(Entries supplied)

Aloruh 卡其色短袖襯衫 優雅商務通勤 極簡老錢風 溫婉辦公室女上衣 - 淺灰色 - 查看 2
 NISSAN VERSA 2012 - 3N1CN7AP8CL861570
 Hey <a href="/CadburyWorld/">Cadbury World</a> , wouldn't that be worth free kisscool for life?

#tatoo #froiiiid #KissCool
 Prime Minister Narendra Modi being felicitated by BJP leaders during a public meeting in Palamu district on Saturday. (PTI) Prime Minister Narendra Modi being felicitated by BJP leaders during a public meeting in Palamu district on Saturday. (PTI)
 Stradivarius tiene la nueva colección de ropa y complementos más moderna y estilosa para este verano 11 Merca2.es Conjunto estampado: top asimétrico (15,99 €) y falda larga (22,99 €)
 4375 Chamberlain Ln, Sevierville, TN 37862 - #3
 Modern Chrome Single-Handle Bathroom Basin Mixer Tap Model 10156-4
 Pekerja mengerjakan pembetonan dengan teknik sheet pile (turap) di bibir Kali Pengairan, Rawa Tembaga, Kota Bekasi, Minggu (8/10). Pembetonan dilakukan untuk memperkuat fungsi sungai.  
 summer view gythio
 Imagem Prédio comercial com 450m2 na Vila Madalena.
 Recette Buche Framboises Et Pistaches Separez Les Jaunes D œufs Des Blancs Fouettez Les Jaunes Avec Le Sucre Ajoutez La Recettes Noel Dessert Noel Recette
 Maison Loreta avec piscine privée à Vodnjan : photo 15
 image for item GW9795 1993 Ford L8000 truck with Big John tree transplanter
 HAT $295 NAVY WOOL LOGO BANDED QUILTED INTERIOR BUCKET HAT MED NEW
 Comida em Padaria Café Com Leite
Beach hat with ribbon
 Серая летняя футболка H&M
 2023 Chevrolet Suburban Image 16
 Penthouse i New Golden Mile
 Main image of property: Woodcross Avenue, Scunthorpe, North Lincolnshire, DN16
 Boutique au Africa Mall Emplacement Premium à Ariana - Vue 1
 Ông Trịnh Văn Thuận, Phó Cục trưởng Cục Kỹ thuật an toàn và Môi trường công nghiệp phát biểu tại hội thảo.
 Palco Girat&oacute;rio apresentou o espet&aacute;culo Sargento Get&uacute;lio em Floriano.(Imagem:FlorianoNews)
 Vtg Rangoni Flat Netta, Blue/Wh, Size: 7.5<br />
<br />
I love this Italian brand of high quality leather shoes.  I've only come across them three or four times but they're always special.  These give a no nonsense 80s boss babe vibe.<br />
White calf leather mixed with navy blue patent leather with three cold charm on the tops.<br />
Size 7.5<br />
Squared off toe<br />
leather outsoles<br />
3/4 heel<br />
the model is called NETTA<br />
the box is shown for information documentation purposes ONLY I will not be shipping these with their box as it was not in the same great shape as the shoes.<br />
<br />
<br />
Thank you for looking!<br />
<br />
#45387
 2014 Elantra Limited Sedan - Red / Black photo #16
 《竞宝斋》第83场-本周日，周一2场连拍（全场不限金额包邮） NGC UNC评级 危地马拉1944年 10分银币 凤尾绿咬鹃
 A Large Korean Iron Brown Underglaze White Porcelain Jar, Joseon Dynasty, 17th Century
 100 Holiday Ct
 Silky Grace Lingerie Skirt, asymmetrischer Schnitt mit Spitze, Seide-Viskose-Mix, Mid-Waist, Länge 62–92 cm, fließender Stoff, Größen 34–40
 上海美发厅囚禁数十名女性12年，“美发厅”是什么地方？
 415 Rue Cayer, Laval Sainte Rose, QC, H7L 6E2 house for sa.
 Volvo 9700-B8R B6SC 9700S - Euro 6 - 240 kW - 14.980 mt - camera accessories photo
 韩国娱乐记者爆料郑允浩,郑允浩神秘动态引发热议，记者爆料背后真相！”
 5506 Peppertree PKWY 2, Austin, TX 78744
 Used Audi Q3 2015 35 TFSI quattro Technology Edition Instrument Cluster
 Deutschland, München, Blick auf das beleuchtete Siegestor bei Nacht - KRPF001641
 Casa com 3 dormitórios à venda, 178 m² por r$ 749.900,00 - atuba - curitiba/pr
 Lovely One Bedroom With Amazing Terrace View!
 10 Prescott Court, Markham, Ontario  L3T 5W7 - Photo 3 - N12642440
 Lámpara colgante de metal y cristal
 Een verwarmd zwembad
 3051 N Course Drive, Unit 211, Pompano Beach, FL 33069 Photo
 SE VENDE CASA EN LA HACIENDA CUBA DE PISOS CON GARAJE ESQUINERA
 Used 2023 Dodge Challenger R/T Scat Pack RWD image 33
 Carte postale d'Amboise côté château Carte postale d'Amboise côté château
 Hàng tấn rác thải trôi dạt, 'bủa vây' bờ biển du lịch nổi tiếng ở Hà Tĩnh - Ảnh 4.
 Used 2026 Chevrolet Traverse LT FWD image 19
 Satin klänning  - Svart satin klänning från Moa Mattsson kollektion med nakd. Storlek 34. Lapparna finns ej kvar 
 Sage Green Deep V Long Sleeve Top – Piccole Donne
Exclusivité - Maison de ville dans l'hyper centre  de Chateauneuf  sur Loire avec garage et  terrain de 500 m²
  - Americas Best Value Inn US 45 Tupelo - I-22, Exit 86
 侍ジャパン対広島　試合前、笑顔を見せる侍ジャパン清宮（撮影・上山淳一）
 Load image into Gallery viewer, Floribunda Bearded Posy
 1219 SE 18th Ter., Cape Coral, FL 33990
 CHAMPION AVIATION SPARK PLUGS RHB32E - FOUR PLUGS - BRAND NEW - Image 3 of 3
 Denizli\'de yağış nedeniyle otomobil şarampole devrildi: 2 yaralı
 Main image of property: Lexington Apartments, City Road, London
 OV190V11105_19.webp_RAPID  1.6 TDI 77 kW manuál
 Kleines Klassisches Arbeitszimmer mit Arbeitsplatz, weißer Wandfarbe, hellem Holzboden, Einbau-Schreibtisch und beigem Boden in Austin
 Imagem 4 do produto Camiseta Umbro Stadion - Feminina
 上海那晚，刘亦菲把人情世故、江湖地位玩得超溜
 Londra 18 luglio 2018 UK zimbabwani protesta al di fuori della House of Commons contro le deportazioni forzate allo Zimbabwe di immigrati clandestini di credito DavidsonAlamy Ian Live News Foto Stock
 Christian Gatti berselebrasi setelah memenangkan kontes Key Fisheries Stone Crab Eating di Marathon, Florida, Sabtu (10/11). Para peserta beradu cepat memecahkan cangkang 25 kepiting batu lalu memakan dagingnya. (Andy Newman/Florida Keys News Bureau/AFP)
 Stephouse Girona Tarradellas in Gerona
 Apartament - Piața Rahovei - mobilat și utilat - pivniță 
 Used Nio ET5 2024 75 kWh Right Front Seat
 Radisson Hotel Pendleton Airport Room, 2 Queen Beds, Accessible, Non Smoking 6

(End Entries supplied)

- **Task instructions**
Whenever the word "Beach" appears in a line of the listing, report that line.

- **Reply**
Beach hat with ribbon
 3051 N Course Drive, Unit 211, Pompano Beach, FL 33069 Photo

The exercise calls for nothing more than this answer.